__GIVEN MATERIAL__:
↓↓↓

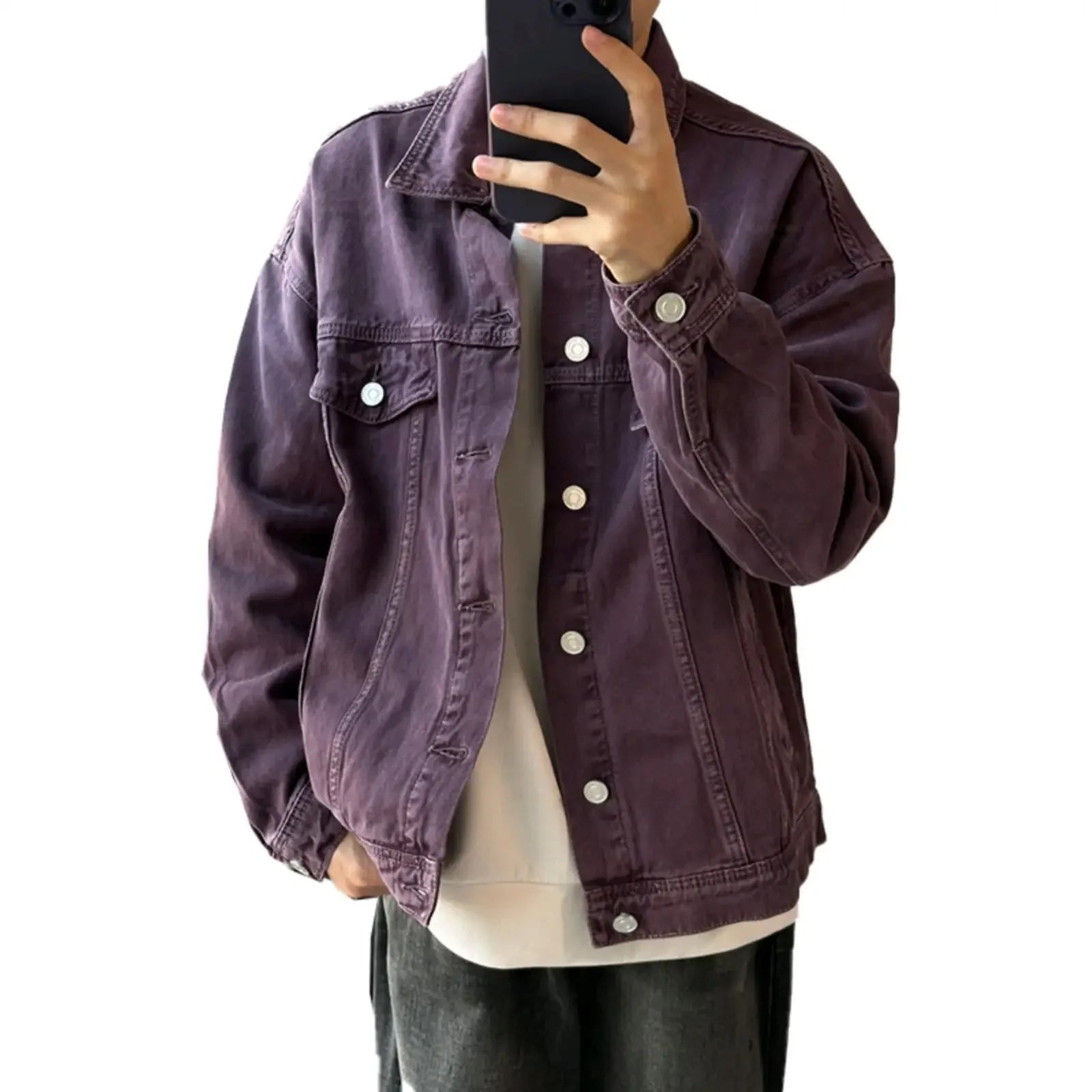 Vintage American Style Denim Jacket For Men Loose Fit Spring Autumn Niche Design Working Clothes Purple Washing Denim Jacket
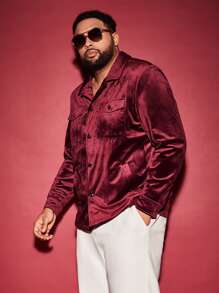 Manfinity Men Plus Flap Pocket Lapel Neck Jacket - Burgundy - View 4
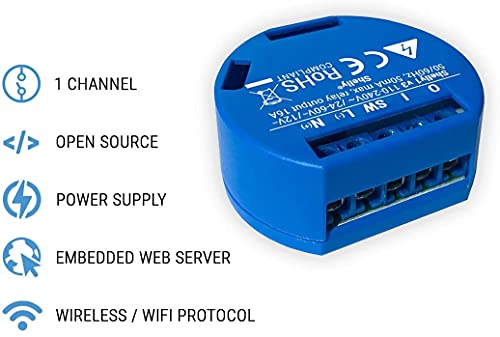 SHELLY 1 One Relay Switch Wireless WiFi Home Automation iOS Android Application - 4 Pack NON UL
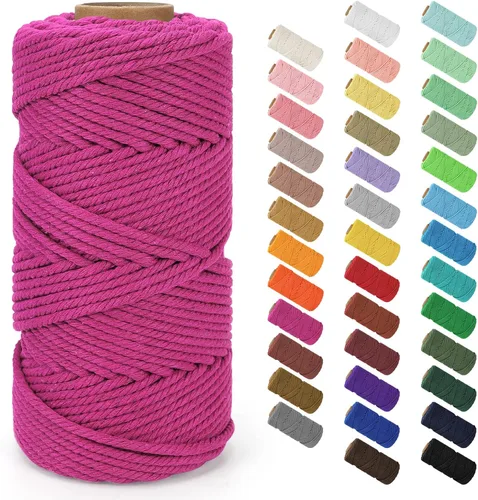 Miniatura 148 de Cordón de macramé de 0.079 in x 380 yardas (1140 pies), cuerda de algodón natural para colgar en la pared, ganchos de plantas, manualidades, Beige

↑↑↑

__WORK REQUIRED__:
Go through the material above and retype every line exactly, without the images.

__SOLVED EXERCISE__:
 Vintage American Style Denim Jacket For Men Loose Fit Spring Autumn Niche Design Working Clothes Purple Washing Denim Jacket
 Manfinity Men Plus Flap Pocket Lapel Neck Jacket - Burgundy - View 4
 SHELLY 1 One Relay Switch Wireless WiFi Home Automation iOS Android Application - 4 Pack NON UL
 Miniatura 148 de Cordón de macramé de 0.079 in x 380 yardas (1140 pies), cuerda de algodón natural para colgar en la pared, ganchos de plantas, manualidades, Beige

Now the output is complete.